#### YOUR TASK:
Starting at the line that contains "Fluorite black rose uv reactive" and ending at the line that contains "Peugeot 2008 1.2", the lines below are to be given again exactly, with nothing added.

#### RECORDS FOR THE EXERCISE:
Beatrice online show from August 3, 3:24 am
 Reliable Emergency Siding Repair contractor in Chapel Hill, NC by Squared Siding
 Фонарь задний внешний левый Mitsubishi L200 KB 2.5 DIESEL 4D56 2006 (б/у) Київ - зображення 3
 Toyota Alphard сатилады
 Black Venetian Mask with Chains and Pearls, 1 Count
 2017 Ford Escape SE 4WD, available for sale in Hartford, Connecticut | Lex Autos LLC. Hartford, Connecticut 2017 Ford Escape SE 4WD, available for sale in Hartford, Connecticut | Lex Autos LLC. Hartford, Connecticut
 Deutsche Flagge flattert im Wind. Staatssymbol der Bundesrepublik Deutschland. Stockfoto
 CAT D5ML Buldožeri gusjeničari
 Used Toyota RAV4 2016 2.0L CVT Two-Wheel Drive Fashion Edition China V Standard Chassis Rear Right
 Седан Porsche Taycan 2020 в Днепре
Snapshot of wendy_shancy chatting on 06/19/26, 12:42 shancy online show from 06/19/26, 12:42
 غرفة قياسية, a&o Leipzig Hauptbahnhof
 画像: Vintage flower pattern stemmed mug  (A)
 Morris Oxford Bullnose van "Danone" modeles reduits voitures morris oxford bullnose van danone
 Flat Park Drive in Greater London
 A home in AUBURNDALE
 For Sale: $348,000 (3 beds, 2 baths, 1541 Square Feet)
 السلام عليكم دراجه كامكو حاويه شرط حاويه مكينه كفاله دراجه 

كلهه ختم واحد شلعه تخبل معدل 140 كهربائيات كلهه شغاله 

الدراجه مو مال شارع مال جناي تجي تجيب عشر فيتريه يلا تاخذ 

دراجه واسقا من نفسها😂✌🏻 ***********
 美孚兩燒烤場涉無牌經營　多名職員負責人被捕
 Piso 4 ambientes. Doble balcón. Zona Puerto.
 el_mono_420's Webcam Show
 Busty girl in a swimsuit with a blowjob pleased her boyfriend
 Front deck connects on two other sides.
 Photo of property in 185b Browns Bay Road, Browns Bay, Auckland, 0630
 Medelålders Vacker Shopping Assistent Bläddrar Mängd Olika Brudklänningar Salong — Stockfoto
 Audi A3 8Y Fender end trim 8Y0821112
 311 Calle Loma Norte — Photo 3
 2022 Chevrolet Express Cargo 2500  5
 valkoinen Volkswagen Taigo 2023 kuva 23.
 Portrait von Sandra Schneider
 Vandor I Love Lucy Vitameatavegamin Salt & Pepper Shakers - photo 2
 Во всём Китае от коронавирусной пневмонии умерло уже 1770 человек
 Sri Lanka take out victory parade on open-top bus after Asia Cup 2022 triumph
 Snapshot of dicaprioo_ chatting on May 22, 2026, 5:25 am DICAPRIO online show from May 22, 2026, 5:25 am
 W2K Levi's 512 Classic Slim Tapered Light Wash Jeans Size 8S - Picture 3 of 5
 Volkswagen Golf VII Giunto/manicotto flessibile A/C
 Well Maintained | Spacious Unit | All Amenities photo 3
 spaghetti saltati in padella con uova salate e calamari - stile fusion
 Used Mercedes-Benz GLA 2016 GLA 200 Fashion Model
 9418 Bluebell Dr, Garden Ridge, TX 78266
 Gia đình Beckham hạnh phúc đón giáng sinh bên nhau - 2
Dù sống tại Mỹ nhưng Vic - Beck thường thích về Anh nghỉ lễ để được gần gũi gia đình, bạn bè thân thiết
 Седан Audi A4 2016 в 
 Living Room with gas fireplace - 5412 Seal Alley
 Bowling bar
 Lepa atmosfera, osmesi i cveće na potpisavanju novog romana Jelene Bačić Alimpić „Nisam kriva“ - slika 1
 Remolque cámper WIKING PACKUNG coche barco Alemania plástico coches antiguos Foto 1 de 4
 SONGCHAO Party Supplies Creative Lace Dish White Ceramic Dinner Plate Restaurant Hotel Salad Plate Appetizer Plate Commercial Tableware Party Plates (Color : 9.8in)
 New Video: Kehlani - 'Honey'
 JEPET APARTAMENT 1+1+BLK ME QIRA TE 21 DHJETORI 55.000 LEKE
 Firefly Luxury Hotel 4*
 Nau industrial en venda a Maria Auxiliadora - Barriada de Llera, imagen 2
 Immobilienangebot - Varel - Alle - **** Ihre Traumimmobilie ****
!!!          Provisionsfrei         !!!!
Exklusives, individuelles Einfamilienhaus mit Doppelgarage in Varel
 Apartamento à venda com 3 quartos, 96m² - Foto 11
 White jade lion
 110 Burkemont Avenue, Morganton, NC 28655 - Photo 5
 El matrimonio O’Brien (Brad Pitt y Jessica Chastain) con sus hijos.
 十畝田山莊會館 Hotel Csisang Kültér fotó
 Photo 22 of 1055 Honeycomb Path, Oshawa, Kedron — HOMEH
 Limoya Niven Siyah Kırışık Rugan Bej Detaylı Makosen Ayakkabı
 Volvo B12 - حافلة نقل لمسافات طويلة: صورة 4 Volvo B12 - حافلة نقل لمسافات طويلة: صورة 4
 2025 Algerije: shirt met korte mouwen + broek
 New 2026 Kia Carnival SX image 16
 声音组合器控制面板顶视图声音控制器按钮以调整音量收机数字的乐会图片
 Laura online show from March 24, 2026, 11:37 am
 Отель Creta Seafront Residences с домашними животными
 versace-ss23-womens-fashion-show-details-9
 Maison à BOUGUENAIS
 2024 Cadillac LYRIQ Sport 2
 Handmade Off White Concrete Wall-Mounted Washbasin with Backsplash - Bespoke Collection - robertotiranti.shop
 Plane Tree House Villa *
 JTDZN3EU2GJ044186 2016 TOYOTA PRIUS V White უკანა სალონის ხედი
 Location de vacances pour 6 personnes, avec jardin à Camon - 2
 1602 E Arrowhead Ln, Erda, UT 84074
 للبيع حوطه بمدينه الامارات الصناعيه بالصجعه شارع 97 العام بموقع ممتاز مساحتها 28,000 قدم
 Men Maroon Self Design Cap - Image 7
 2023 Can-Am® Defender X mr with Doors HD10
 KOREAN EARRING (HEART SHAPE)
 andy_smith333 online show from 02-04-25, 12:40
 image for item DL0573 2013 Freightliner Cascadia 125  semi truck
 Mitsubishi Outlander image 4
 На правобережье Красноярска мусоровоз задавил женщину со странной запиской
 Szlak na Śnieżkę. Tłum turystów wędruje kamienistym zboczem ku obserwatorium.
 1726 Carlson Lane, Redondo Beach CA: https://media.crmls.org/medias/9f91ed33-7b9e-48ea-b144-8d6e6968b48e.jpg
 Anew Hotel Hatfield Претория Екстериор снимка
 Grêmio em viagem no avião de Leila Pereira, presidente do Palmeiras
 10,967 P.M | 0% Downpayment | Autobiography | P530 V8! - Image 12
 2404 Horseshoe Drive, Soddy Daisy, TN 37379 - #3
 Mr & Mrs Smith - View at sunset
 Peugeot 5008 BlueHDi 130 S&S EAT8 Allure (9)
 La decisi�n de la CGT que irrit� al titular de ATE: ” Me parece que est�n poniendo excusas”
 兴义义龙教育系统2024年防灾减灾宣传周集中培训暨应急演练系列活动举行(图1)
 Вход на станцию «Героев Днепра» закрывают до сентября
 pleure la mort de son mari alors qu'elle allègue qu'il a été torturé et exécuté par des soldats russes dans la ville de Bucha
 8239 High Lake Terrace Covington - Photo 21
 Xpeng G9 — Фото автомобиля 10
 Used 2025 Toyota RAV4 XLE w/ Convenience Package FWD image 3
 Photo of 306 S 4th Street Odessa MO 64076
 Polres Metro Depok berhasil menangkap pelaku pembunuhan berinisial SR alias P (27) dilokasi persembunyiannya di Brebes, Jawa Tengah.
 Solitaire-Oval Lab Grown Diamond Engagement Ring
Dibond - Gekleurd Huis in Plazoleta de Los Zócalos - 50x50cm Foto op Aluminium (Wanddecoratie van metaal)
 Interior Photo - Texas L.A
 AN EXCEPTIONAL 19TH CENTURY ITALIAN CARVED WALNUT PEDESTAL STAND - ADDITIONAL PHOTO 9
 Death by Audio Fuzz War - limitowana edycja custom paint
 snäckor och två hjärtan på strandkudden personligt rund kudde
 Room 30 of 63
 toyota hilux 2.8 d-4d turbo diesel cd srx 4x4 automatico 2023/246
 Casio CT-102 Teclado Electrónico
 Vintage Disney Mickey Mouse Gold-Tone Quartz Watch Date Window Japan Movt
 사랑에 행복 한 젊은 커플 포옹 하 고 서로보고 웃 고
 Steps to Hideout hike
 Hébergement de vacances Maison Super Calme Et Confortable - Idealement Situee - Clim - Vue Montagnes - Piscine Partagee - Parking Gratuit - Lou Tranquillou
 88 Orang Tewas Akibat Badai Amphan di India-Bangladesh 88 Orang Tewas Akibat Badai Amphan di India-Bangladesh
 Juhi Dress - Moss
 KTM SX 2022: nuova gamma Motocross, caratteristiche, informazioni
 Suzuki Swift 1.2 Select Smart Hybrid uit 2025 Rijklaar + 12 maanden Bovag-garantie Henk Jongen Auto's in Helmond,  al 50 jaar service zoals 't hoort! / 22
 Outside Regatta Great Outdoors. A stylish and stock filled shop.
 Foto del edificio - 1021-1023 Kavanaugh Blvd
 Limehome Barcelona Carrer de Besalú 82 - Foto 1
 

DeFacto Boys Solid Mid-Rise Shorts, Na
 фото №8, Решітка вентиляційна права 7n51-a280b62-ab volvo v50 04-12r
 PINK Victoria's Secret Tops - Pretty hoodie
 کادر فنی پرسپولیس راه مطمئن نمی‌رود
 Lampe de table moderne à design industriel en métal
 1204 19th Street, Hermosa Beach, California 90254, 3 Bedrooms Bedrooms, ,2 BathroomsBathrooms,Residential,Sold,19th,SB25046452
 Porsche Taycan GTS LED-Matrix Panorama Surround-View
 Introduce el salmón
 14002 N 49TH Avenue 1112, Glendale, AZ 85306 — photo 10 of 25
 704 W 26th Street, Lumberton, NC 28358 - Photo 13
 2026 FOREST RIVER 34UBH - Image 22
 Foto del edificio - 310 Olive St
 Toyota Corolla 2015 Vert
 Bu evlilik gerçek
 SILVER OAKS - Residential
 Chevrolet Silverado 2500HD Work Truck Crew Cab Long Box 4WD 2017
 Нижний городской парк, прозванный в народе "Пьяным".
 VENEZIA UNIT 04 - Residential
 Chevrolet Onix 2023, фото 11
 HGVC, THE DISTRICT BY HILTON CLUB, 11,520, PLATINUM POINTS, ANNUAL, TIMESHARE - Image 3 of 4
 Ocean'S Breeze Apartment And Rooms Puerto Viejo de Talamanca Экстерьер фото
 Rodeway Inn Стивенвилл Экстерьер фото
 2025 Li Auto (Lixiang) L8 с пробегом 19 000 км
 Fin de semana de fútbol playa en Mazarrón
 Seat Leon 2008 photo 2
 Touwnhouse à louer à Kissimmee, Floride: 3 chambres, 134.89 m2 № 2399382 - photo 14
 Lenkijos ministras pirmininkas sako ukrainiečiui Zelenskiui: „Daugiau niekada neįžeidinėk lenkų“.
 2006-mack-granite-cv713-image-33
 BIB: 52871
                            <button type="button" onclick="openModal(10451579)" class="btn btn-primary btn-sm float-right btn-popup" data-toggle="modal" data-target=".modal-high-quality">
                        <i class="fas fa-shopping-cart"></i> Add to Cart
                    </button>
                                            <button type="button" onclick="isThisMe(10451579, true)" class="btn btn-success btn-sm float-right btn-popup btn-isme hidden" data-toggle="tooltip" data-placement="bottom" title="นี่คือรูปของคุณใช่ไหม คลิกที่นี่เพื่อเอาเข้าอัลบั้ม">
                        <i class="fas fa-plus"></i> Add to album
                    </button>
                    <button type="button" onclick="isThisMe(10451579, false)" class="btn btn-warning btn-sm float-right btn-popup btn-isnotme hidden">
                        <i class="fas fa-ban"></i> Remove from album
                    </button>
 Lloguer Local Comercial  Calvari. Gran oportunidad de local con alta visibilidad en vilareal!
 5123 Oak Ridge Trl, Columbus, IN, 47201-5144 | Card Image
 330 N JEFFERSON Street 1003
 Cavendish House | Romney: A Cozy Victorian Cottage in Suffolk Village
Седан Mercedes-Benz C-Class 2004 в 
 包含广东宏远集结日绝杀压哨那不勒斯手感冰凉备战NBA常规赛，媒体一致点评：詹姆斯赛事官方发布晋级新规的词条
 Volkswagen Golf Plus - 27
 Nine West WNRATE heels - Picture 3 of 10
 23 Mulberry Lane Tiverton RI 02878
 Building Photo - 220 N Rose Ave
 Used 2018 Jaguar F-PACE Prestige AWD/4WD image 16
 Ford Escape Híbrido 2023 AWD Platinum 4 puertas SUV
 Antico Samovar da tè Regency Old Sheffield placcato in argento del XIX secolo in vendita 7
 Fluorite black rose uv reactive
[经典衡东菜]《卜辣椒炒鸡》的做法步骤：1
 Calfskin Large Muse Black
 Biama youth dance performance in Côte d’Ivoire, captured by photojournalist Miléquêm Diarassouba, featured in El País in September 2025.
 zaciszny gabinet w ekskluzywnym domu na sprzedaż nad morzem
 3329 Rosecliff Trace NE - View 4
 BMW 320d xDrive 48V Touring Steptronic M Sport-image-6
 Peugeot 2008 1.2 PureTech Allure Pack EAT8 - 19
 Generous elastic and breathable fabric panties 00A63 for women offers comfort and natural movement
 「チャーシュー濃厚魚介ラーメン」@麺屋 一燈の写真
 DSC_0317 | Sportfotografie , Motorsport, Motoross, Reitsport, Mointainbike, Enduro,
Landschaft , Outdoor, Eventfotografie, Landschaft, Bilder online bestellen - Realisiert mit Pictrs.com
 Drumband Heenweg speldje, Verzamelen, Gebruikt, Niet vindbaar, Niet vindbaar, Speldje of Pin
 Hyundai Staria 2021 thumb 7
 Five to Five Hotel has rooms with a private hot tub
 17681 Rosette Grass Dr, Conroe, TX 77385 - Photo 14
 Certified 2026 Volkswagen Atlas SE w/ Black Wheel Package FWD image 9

#### RESPONSE TO THE EXERCISE:
 Fluorite black rose uv reactive
[经典衡东菜]《卜辣椒炒鸡》的做法步骤：1
 Calfskin Large Muse Black
 Biama youth dance performance in Côte d’Ivoire, captured by photojournalist Miléquêm Diarassouba, featured in El País in September 2025.
 zaciszny gabinet w ekskluzywnym domu na sprzedaż nad morzem
 3329 Rosecliff Trace NE - View 4
 BMW 320d xDrive 48V Touring Steptronic M Sport-image-6
 Peugeot 2008 1.2 PureTech Allure Pack EAT8 - 19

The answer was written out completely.